Valerie Mattimore e John R. Battista dell'Università della Louisiana hanno suggerito che la radioresistenza dell'organismo sia, piuttosto, un effetto collaterale di una prolungata essiccazione cellulare. A supporto di questa ipotesi hanno eseguito un esperimento nel quale hanno dimostrato che ceppi mutanti del batterio, altamente suscettibili al danneggiamento radioattivo, risultano altrettanto suscettibili ai danni dovuti ad una prolungata essiccazione; mentre gli esemplari wild-type sono resistenti ad entrambe.[15] Inoltre, durante la riparazione del DNA, D. radiodurans utilizza una proteina chiamata LEA (Late Embryogenesis Abundant)[16] espressamente utilizzata per proteggere l'organismo dall'essiccazione.[17] Le analisi effettuate con microscopio elettronico a scansione mostrano, inoltre, che il DNA del batterio è organizzato in pacchetti toroidali molto compatti, che potrebbero rendere più agevole la riparazione del DNA.[18]

Un team di ricercatori croati e francesi ha bombardato con radiazioni il DNA del batterio per seguire in dettaglio il meccanismo di riparazione. Almeno due copie del genoma, che avevano subito interruzioni casuali nel DNA, hanno potuto riformare i frammenti di DNA mediante il processo di annealing. La sintesi di regioni omologhe del DNA avveniva successivamente a partire dai frammenti parzialmente sovrapposti attraverso la formazione di un D-loop che continuava ad estendersi fino al riconoscimento di sezioni complementari. Il processo si concludeva con il crossing-over tramite ricombinazione omologa RecA-dipendente.[19]

Micheal Daly ha suggerito che il batterio utilizzi il manganese (Mn) quale antiossidante per proteggersi dai danni da radiazione.[20] Nel 2008 il suo team ha dimostrato che l'alto livello di Mn2+ intracellulare in D. radiodurans, protegge le proteine dai danni dovuti all'ossidazione per radiazione, e ha proposto l'idea che «è la proteina e non il DNA, il bersaglio principale dell'azione biologica [delle radiazioni ionizzanti] nei batteri sensibili, e l'estrema resistenza dei batteri che accumulano manganese dipende dalla protezione fornita a queste proteine».[21]

In 2016, Massimiliano Peana e colleghi hanno riportato uno studio spettroscopico attraverso tecniche NMR, EPR e ESI-MS sull'interazione del Mn(II) con due peptidi, DP1 (DEHGTAVMLK) e DP2 (THMVLAKGED), la cui composizione amminoacidica è stata selezionata per includere gli amminoacidi prevalenti ritrovati negli estratti cell-free del batterio Deinococcus radiodurans contenenti i componenti capaci di conferire estrema resistenza alle radiazioni ionizzanti. [22]

Un team di scienziati russi ed americani ha proposto che la radioresistenza di D. radiodurans (e di altri batteri simili come Rubrobacter radiotolerans e Rubrobacter xylanophylus) abbia origini marziane.
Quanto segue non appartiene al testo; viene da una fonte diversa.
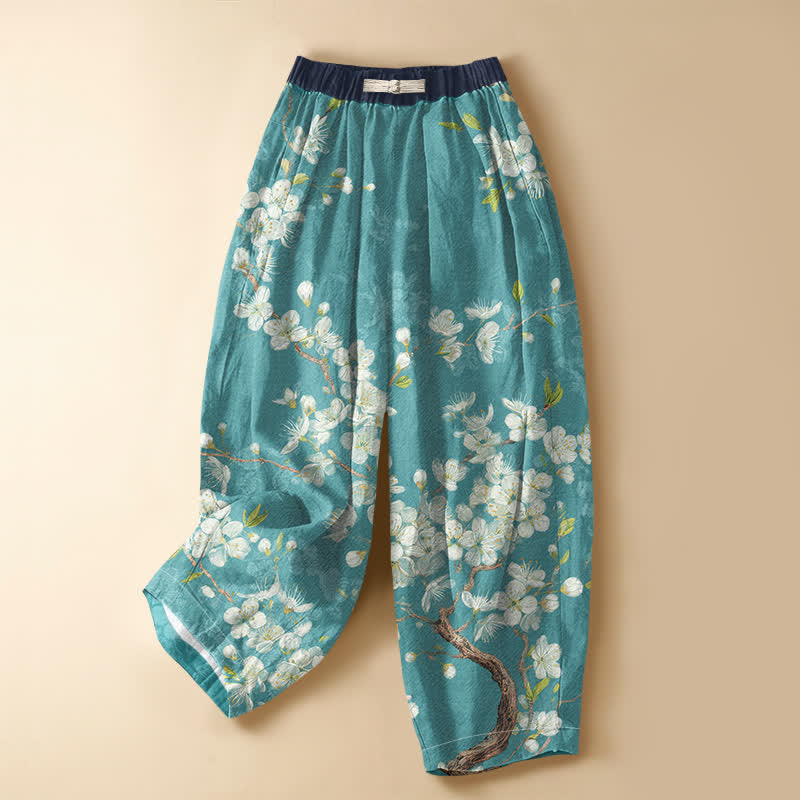 Buddha Stones Pantaloni harem da donna in puro cotone con motivo floreale vintage a rami, bottoni a rana e vita elasticizzata, con tasche. - Turchese medio - US16, UK/AU20, EU48 (3XL) - image 0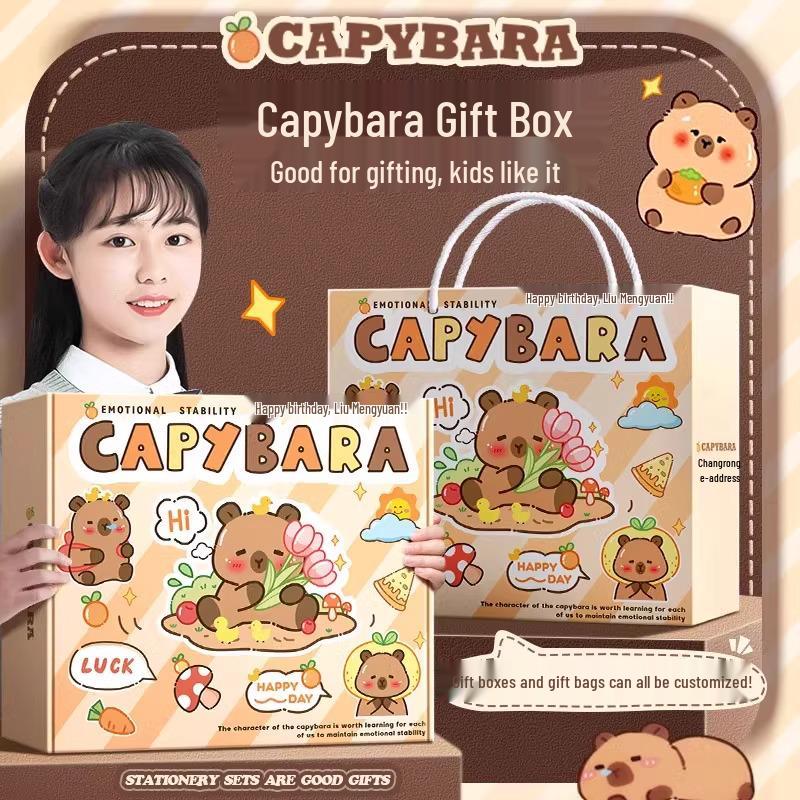 Set di cancelleria Capibara: Borsa Regalo Ritorno a Scuola con Astuccio per Studenti, Regalo di Compleanno per Ragazzi e Ragazze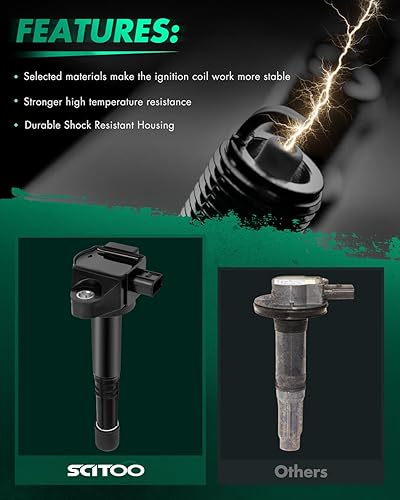 Vista 2199 de SCITOO 1 bobinas de encendido con 4 bujías de iridio para Chevrolet 2011-2015 Cruze 1.4L 2016 Cruze Limited 1.4L 2012-2020 Sonic 1.4L 2013-2021 Trax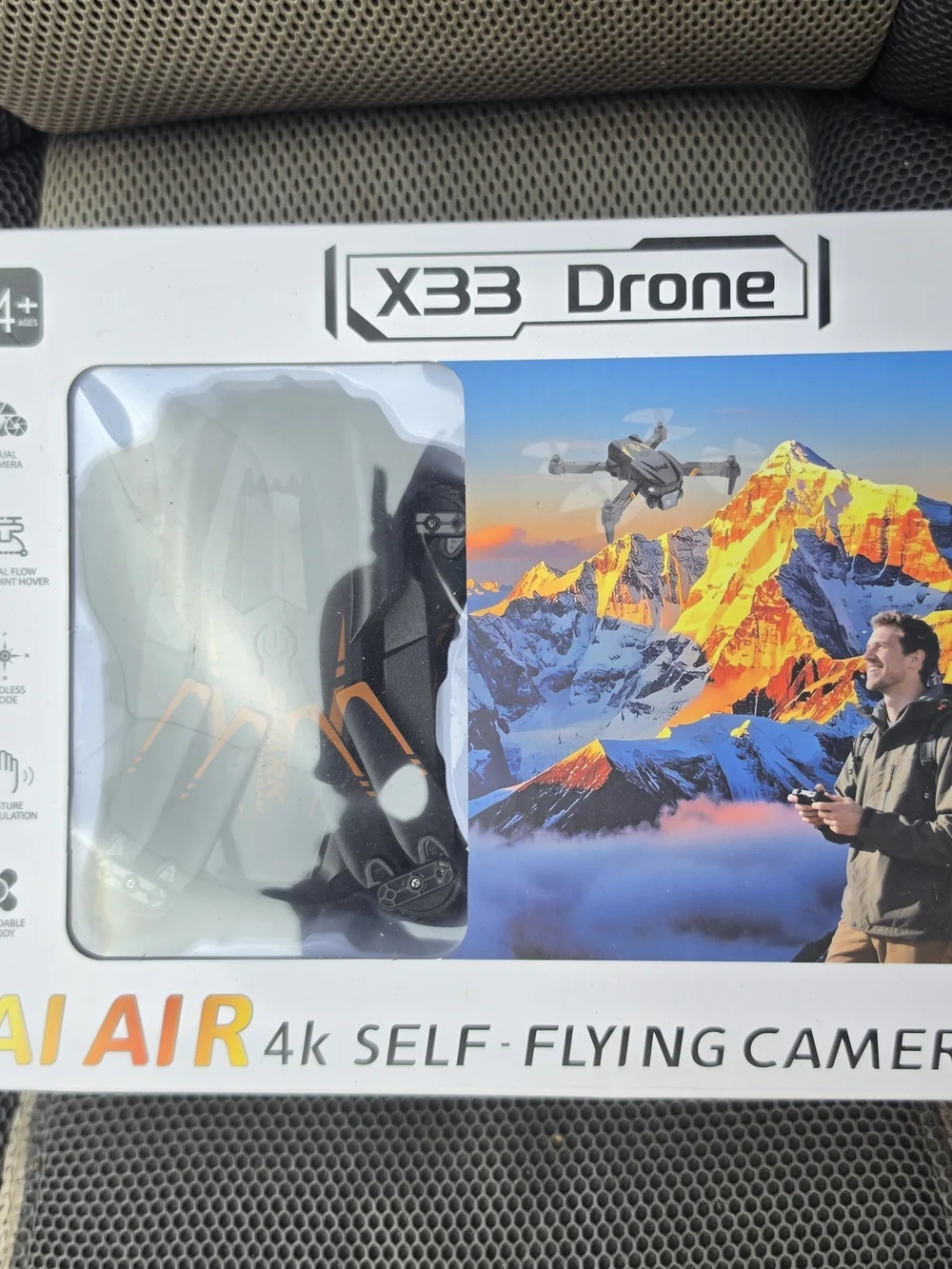 X33 Black and Orange Kids Drone - Foldable Self-Flying Toy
L'evoluzione del microrganismo, secondo questi autori, potrebbe avere avuto luogo sulla superficie di Marte, per poi successivamente diffondersi sulla Terra come conseguenza di un impatto meteorico.[23] È stato, infatti, ipotizzato che alcune rocce marziane possano aver ricevuto una sufficiente energia cinetica - tale da raggiungere la velocità di fuga - in seguito all'impatto di asteroidi o comete sulla superficie. L'effetto termico dell'impatto e dell'ingresso nell'atmosfera terrestre non avrebbe inattivato il batterio, già piuttosto resistente e protetto all'interno del meteorite (un'analisi della composizione di molte meteoriti marziane ha rivelato, infatti, che le parti più interne di questi oggetti non hanno mai superato i 100 °C).[23] Tuttavia, a parte l'estrema resistenza alle radiazioni, D. radiodurans è geneticamente e biochimicamente molto simile ad altre forme di vita terrestri, una circostanza che depone contro l'ipotetica origine extraterrestre.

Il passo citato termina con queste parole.